Older patients with pleural mesothelioma can double their chances of extending their survival rates by undergoing aggressive, potentially curative surgery, according to a recent national database analysis.
Age also should not be a deterrent to surgery, refuting the lingering myth that many mesothelioma patients are too old to benefit from these procedures.
“More and more, we’ve come to realize that age is just a number,” thoracic surgeon Dr. Mark Berry at the Stanford University Medical Center told Asbestos.com. “Some patients at 75 are great candidates for surgery, and some younger than 55 are not so great. Age alone should not deter these patients from surgery.”
Berry joined a handful of surgeons and oncologists from the Duke Cancer Center who tapped into the Surveillance, Epidemiology and End Results (SEER) national database to analyze 879 pleural mesothelioma patients and their treatment outcomes.
The goal: Determine how age impacts the potential benefits of surgery. Their hope was to provide clinicians and patients with evidence to help make more informed cancer treatment decisions.
The latest issue of Clinical Lung Cancer published the team’s analysis.
What they found was somewhat surprising.
“The thing that surprised me a little was the magnitude of the benefit of surgery was kind of similar with the older group and the younger group,” Berry said. “The midterm survival for the older group that had surgery almost doubled. I don’t know if I would have expected that much improvement.”

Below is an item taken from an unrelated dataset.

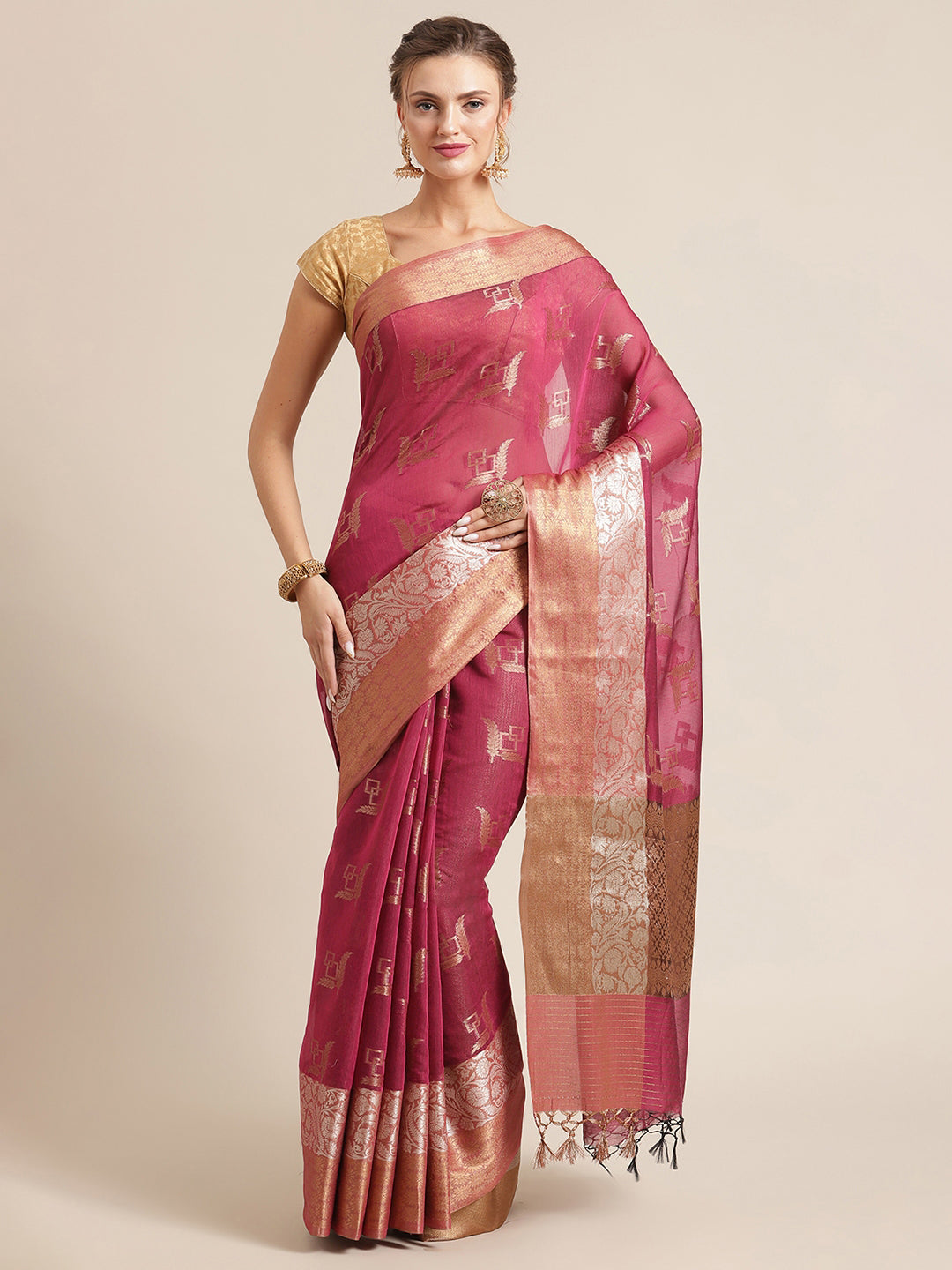 Faishana Presents Handwoven Magenta Masrise Cotton Boota Skirt Border With Cheeku Color Blouse Banarasi Saree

The age issue is particularly relevant to mesothelioma treatment because the disease most often is diagnosed early in retirement after years of occupational exposure to asbestos.

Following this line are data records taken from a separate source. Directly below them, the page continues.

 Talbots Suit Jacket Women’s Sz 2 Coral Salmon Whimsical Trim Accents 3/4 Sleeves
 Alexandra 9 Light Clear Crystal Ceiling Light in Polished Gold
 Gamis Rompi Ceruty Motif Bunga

It is a rare and aggressive cancer that strikes an estimated 3,000 people in the U.S. annually. Almost 80 percent of those diagnosed with mesothelioma are 65 and older.
The recent analysis supported the earlier findings from the University of Chicago Medical Center, where thoracic surgeon Dr. Wickii Vigneswaran (now at Loyola University Medical Center) spoke adamantly in 2015 about the survival benefits of surgery older mesothelioma patients.
He believes oncologists often incorrectly advise their older patients that their age renders them ineligible for surgical consideration.
In a previous interview with Asbestos.com, Vigneswaran said “there has always been this tendency to say ‘He’s a little too old for surgery.'” But the fact is “if you’re fit enough, regardless of age, you can benefit.”
The recent SEER analysis supported his belief. The study included 879 patients from 2004-2010 who had stage I, II or III mesothelioma. Thirty-two percent of patients elected surgery.
Surgery was generally associated with better survival compared with nonsurgical management of the disease. One-year survival was 63 percent for those who had surgery and 44 percent for those who did not.
The three- and five-year survival rates for those who underwent surgery were 21 percent and 11 percent, respectively, and 8 percent and 3 percent for patients who did not.
The 30-day mortality of patients who did not receive surgery was 11.7 percent, compared to 4.3 percent for those who had surgery.
Only 22 percent of patients 70 and over underwent surgery, compared to 46 percent of those under 70.
“Surgery was used a lot more with the younger cohort than the older cohort, but unfortunately, the long-term outcome for mesothelioma is pretty poor, even though surgery makes it better,” Berry said. “The five-year survival numbers are still disappointing.”
For patients 80 and older, researchers found negligible benefits from surgery. Only 34 percent of those older than 80 survived one year and 4.3 percent lived for three years after surgery.
Berry emphasized the importance of a multidisciplinary care evaluation of all patients — including the elderly — to decide if surgery should be part of their treatment plan.
“I think progress is being made [with mesothelioma], although we haven’t come up with anything that dramatically alters the outcomes,” he said. “We’ve done a better job of picking the right treatment plan for each individual and selecting which patient will benefit from which treatment. We are doing better.”